India was over the moon about landing on the Moon. And it was also the moment when a few hundred avowedly nerdy looking scientists at the mission control centre at Sriharikota became the darlings of over a billion proud Indians around the world.
For once these Indians' adulation was not directed at a galaxy of cinema or sports superstars with their expensively maintained, sleek faces and bodies but at rows of exceedingly ordinary looking men and women, made extraordinary by the dint of their achievement: creating a totally indigenous mooncraft (Chandrayaan) that made a perfect landing on the Moon's south pole, a feat that no other nation has pulled off.
Geek is good, to misquote Wall Street's Gordon Gekko.
India has been gradually getting used to its nerdy international image, immortalised in US cinema and cartoons, and realistically represented by the Sundar Pichais and Satya Nadellas of the US-centred tech world.
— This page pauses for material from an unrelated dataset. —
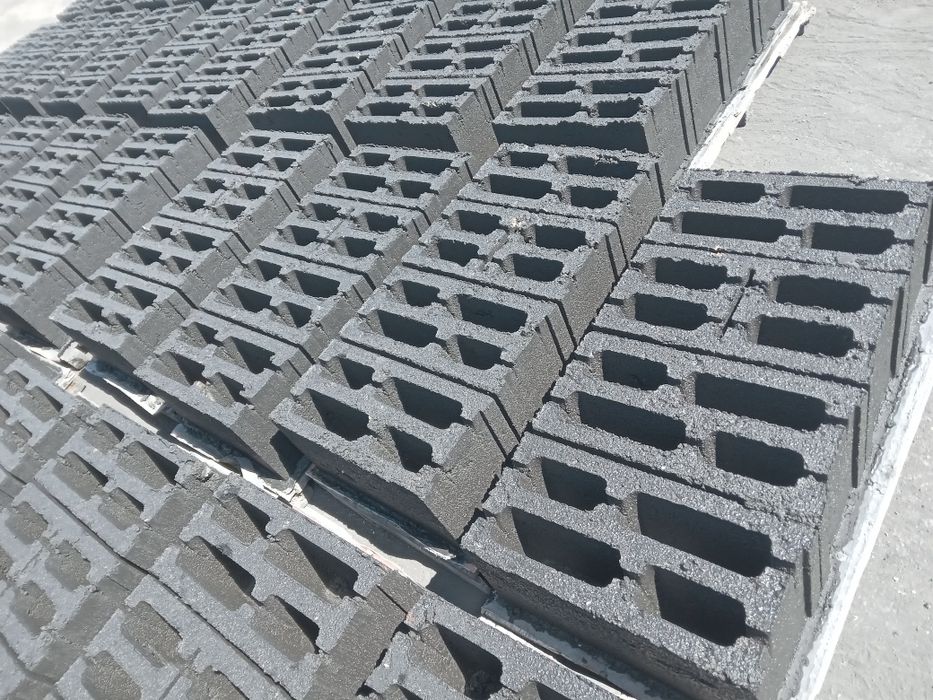 Шлакоблоки на Гавани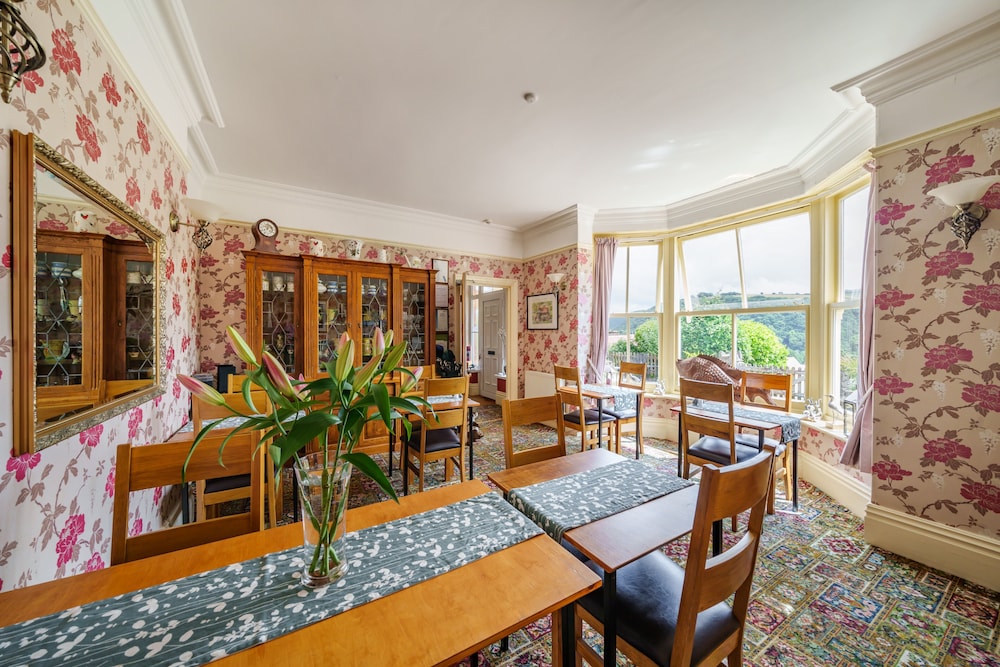 Ingleside Guest House 25/49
Scientists, however, have lagged behind somewhat in the geeky glamour stakes, although space is one sector that should have comparable lure as humans down the ages have always been fascinated by the mysteries of the universe.
Although placing a silver-locked, veena-playing rocket scientist in Rashtrapati Bhavan back in 2002 did bring that profession into the national limelight, with no high profile 'names' and million dollar salaries to focus on thereafter, a stellar event was needed to draw public attention back to this low-key cohort.